The more she learned about NASA, the space program and astronauts, the more the vision solidified. She soaked up all the information she could on class field trips to JSC, and in high school, she attended several public debriefings of NASA space shuttle crews and even met the first female shuttle commander, Eileen Collins.

O’Hara, simply, was in awe of it all. And that resulted in resolute focus. Nearly every decision she made from the time she was 8 until her early 20s, even the hobbies she adopted, were meticulously chosen with one goal in mind: “What do I need to do to be an astronaut?”

By the time O’Hara realized there was no guaranteed formula for being selected to the astronaut corps, she’d taken sage advice to pursue things she was interested in, knowing there was a lot of important work to be done, not only as part of the corps. Still, she never really relinquished that dream, just tweaked the emphasis of the approach.

She dove into her adventurer tendencies, intent on exploring and understanding as many of the most remote and extreme environments on Earth that she could, whether that be caving in tight spaces, scuba diving in the depths, camper-vanning across the most barren desert in the world or diving a mile deep in a tightly packed submersible.

Those interests, and the skills garnered through each experience, ultimately helped build the ideal package to secure O’Hara’s dream.

She was selected as part of the 2017 astronaut class. After two intense years of training, she graduated from the astronaut candidate program in 2020.

“I definitely recognize that it’s both a big accomplishment in and of itself,” O’Hara said about becoming an astronaut, “but then also since it was a childhood dream to realize it, it’s not always common and that’s also a big accomplishment in and of itself, to hold onto something for that long. It’s interesting because in the astronaut corps that is true for some people and not the others. Some people are here because they have been dreaming it about their whole life, like me, and others were exposed to it at a later age.”

And this is only the beginning.

O’Hara is enjoying the gig as she awaits her first spaceflight assignment, getting another chance to explore a new environment, in Russia.

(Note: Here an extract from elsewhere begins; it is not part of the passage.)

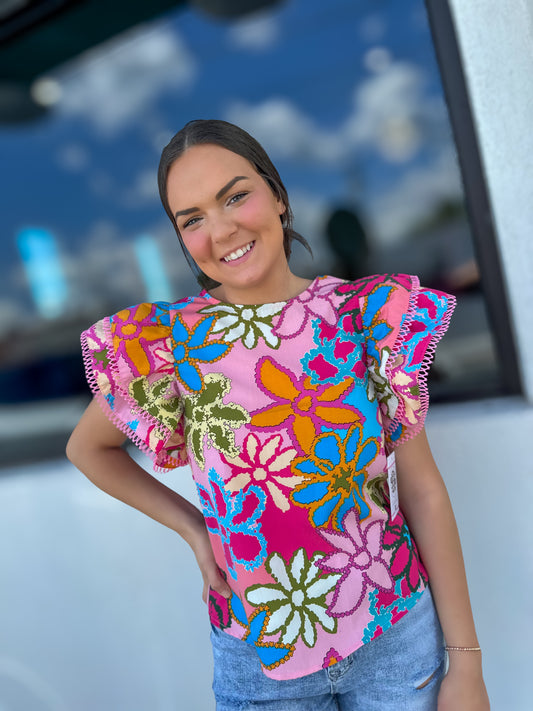 Floral Puff Sleeve Top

She’ll take a brief break from job responsibilities soon, though, to acknowledge another accomplishment.

O’Hara will be honored April 12 in a virtual ceremony as an Outstanding Aerospace Engineer, the highest alumni honor bestowed by the School of Aeronautics and Astronautics.   

“Overarching, it’s just a huge honor, especially when I look at the people who have been selected in the past and people who are selected this year. It’s an incredible honor,” said O’Hara, who obtained her master’s degree from AAE in 2009. “In general, I feel very fortunate to be a part of the Purdue community, both then and now. So it’s pretty humbling to get nominated for and receive this award.”

It’s been an exciting and rewarding journey to this point.

By high school, O’Hara knew she needed a technical degree to become an astronaut, but she wasn’t exactly sure which avenue to pursue. Her parents sealed the path on O’Hara’s 16th birthday: Their gift was a DiscoveryFlight in a Cessna.

“I had been interested in flying and airplanes for a long time, so that kind of kicked me in the direction of studying aerospace engineering in undergrad,” she said.

O’Hara attended the University of Kansas for a bachelor’s degree in a program that was aircraft-design focused. While at Kansas, she also got her first career exposure to NASA, spending a summer internship at the Jet Propulsion Lab in California and another at Goddard Space Flight Center as part of the NASA Academy.

At the same time, the commercial space industry started emerging. That sparked O’Hara’s interest, in rockets specifically. After graduating, she joined a space start-up company. At Rocketplane Limited in Oklahoma, the company was working on putting a rocket engine in a business jet-sized aircraft to send customers to suborbital space. While she was there, O’Hara got involved with the rocket propulsion system for the vehicle and decided she wanted to study propulsion and go to grad school.

Purdue University and its Maurice J. Zucrow Laboratories, widely recognized as the best propulsion test facility at a university in the country, was the natural choice.

The opportunity to do hands-on testing was a draw, and O’Hara also quickly got connected with one of the country’s preeminent experts in rocket propulsion.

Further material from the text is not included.